Segment Start: GIVEN DATA

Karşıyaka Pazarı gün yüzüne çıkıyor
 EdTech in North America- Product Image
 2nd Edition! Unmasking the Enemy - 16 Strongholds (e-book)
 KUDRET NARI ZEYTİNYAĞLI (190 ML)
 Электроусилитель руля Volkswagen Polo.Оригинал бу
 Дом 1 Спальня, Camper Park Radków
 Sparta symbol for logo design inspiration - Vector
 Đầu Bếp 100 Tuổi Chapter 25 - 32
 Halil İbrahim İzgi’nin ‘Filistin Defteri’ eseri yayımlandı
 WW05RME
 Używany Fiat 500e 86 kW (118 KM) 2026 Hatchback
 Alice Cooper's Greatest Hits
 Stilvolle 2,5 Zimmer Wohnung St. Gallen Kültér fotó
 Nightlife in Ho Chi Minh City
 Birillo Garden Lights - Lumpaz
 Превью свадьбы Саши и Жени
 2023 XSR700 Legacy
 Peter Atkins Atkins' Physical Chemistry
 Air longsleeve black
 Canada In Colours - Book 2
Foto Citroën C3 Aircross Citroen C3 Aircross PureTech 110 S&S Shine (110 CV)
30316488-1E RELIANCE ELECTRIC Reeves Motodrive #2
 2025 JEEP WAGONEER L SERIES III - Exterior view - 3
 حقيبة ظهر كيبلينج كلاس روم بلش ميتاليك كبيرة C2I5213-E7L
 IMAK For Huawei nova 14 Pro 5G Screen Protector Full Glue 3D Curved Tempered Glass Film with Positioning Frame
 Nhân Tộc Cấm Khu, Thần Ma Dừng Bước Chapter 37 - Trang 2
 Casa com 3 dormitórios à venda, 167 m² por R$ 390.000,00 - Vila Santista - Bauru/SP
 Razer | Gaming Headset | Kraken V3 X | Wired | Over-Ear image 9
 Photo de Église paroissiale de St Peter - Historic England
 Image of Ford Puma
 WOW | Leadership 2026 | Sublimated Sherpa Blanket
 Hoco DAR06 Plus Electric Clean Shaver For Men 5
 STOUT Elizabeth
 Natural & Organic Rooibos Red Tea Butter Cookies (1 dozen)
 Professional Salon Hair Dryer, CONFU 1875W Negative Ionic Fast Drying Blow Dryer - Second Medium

Segment End: GIVEN DATA

» **DIRECTIONS FOR THIS TASK**
Go through the data above and find the lines with the word "Chapter". Copy each of those lines.

» **RESPONSE BELOW**
 Đầu Bếp 100 Tuổi Chapter 25 - 32
 Nhân Tộc Cấm Khu, Thần Ma Dừng Bước Chapter 37 - Trang 2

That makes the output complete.